= Records for this exercise =
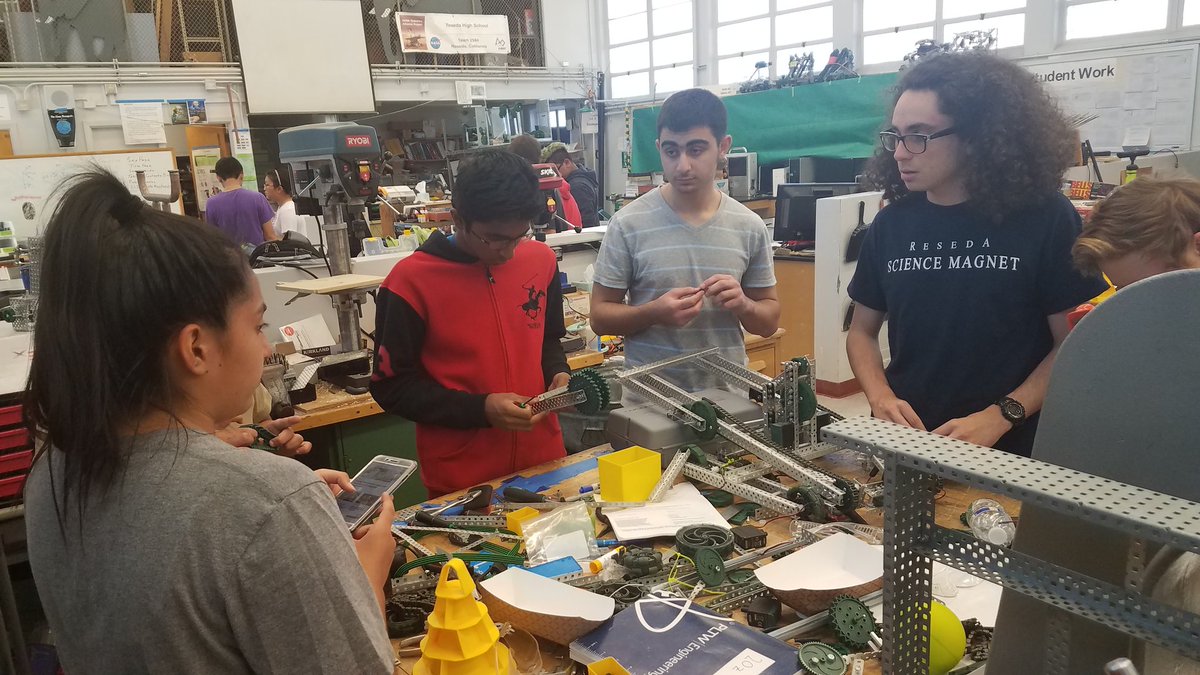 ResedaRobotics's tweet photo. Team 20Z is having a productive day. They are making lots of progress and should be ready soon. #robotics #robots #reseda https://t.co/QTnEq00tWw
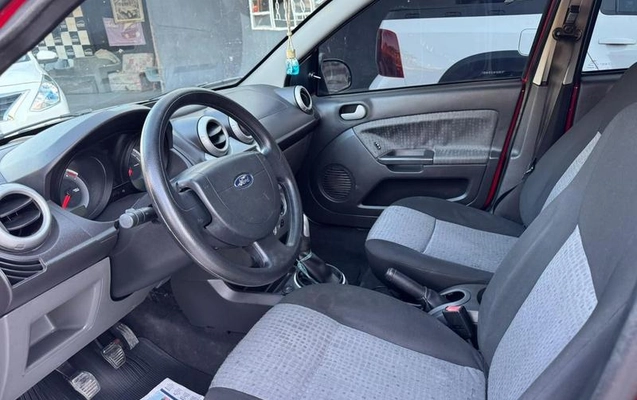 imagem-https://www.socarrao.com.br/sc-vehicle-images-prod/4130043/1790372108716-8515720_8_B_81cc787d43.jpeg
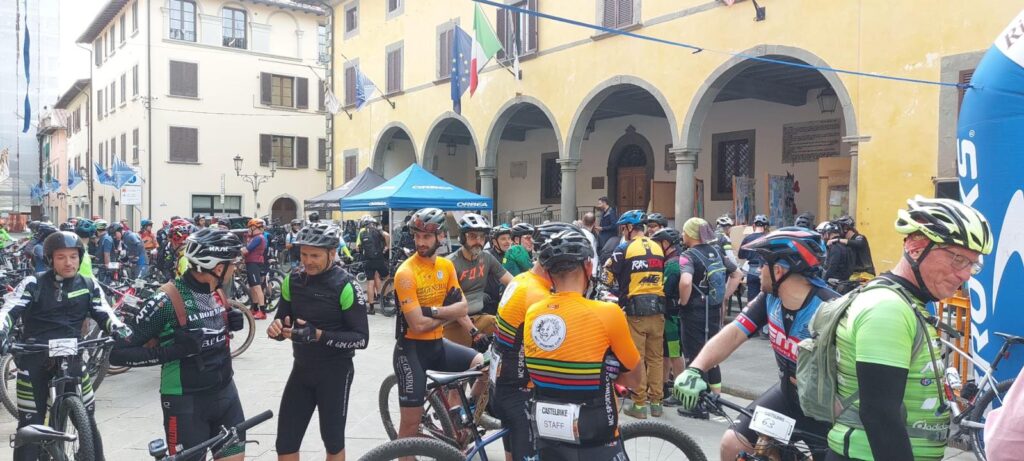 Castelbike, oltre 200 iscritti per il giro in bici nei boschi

* * *

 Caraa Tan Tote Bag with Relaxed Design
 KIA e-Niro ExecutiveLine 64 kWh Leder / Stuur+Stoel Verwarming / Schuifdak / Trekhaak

= Work task =
Your answer should be the lines above, from the line containing "Caraa Tan Tote Bag with Relaxed Design" up to and including the line containing "KIA e-Niro ExecutiveLine", reproduced exactly and with nothing else.

= Response area =
 Caraa Tan Tote Bag with Relaxed Design
 KIA e-Niro ExecutiveLine 64 kWh Leder / Stuur+Stoel Verwarming / Schuifdak / Trekhaak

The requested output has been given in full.